We define by recursion the set of sets {An:n∈ℕ} this way:

A_0=∅
A_n+1=A_n ∪ {A_n}.

I want to prove by induction that for all n∈ℕ, the set A_n has n elements and that A_n is transitive (i.e. if x∈y∈A_n, then x∈A_n).

My thoughts:

for n=0, A_1 = ∅∪ {∅} = {∅}

then, for n+1: A_n+2 =A_n+1 ∪ {A_n+1}

I'm confused on how to proceed.

Last edited: Mar 2, 2014
2. Mar 2, 2014

micromass

Staff Emeritus
Could you give the exact definition of what it means that a set has $n$elements?

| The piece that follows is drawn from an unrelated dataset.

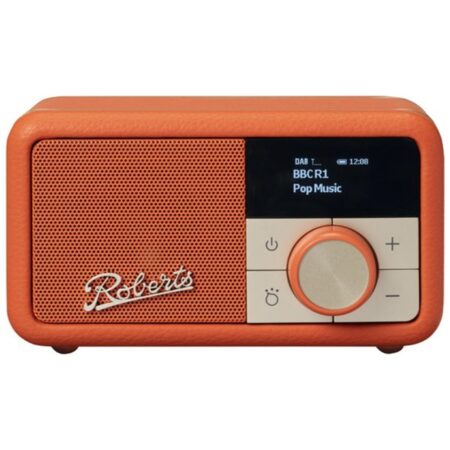 Roberts Revival Petite 2 - FM/DAB+/BT Potable Radio Pop Oranje | Fiftiesstore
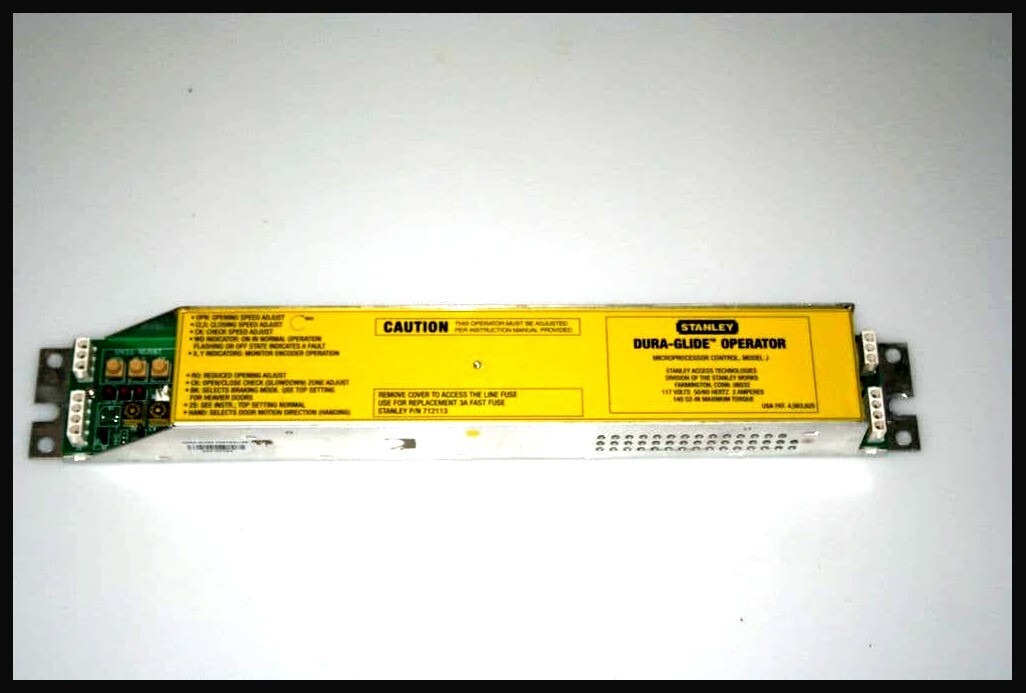 30-Day Warranty! RLBT-Stanley Model J Dura-Glide Operator Automatic Door Control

I feel it might be useful to prove by induction that

$$A_{n+1} = \{A_0,...,A_n\}$$

Then proving transitivity is a lot easier.

3. Mar 3, 2014

FactChecker

For n=0, A_0=∅ has 0 elements.

Suppose A_n has n elements, prove A_n+1 has n+1 elements. Than you are done proving the number of elements. The transitive part is probably similar.

4. Mar 3, 2014

micromass

Staff Emeritus
Again, what do you mean with "a set has $n$ elements"?

5. Mar 3, 2014

FactChecker

I'm not sure I understand the question. I mean that the set is finite, countable and when you count the elements, there are n of them.

6. Mar 3, 2014

micromass

Staff Emeritus
Not really a formal definition though. But maybe the OP is happy with handwaving.

7. Mar 4, 2014

PeroK

Although, in this particular case, you might need also to justify that the elements are different from each other!

8. Mar 4, 2014

FactChecker

I don't want to get into a discussion here over what counting with natural numbers means.

9. Mar 4, 2014

micromass

Staff Emeritus
Ok, good to know.

But maybe the OP needs to have such a discussion in order to correctly answer his question. It depends what his professor is happy with.

10. Mar 4, 2014

FactChecker

I am not trying to do his homework. I'm just trying to point out where he was missing the proof by induction because he was not using the fact that it is true for n in the proof of n+1. That seemed to be the original OP question. I don't know what is assumed or wanted in his class.

11. Mar 4, 2014

micromass

Staff Emeritus
In this very special case, induction is actually not needed if you define things the correct (and the usual) way.